What is being asked ▸ Further down are entries; set down exactly and only the lines from the one with "a close up of" up to and including the one with "English bulldog playing", dropping each picture.

The data ▸
——————
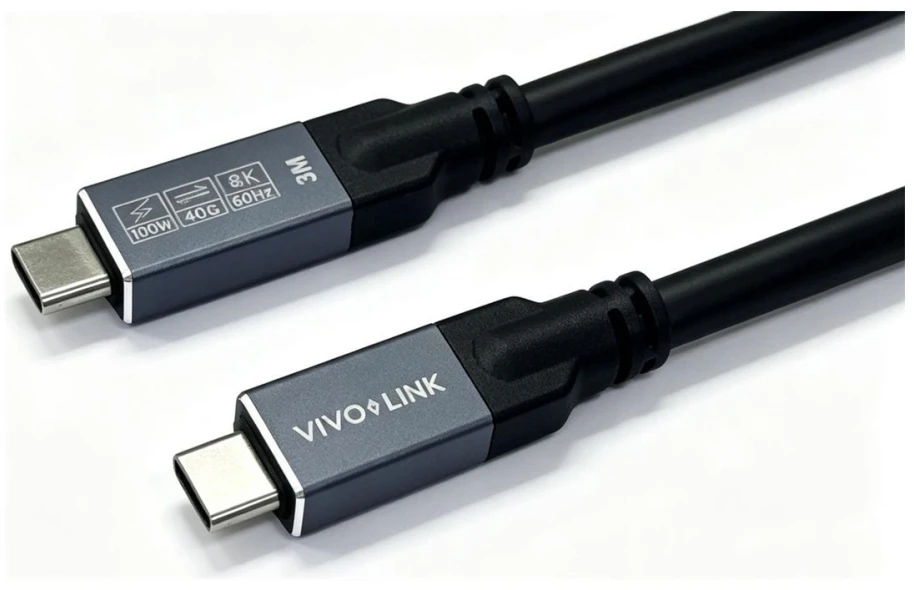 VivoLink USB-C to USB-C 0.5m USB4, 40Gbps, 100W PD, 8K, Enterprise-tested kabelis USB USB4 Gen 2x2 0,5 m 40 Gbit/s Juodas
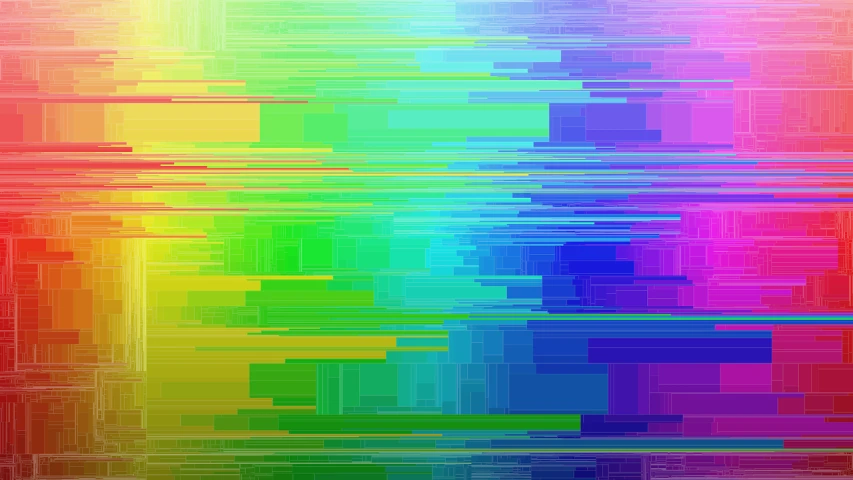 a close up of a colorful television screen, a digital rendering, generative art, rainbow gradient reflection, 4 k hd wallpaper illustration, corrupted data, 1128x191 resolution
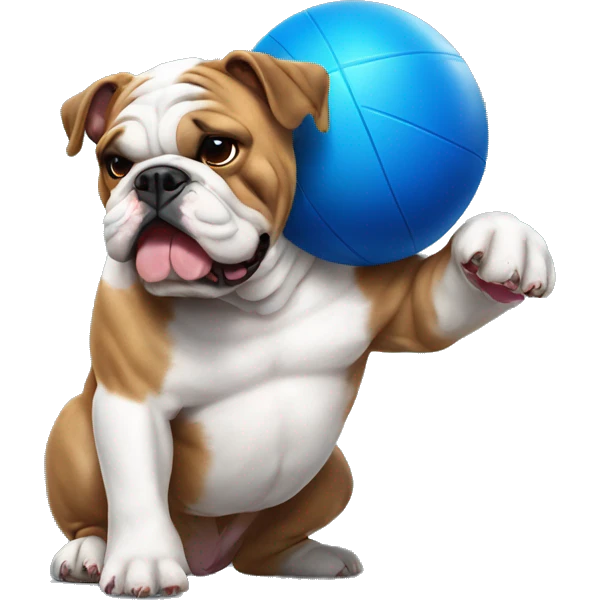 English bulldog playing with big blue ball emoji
——————
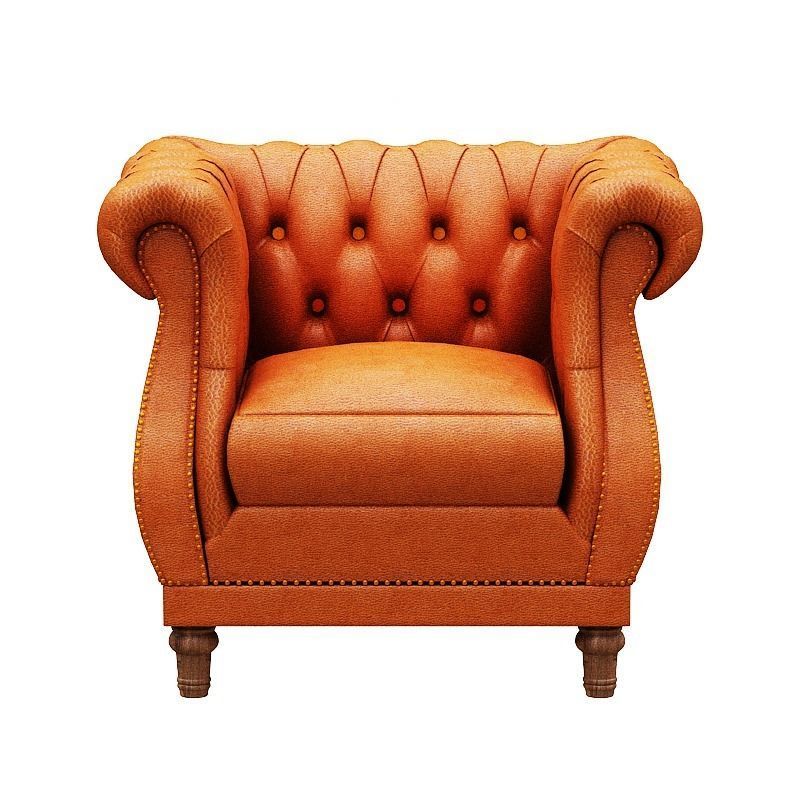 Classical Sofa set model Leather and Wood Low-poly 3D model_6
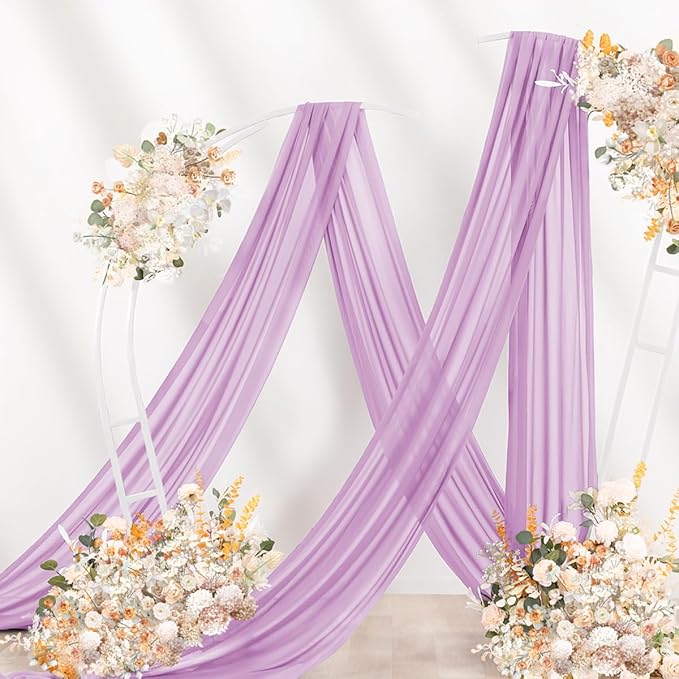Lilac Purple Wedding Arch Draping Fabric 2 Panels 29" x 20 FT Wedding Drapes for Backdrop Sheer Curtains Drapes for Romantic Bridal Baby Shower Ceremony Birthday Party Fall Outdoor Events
——————
Output of the task ▸
 a close up of a colorful television screen, a digital rendering, generative art, rainbow gradient reflection, 4 k hd wallpaper illustration, corrupted data, 1128x191 resolution
 English bulldog playing with big blue ball emoji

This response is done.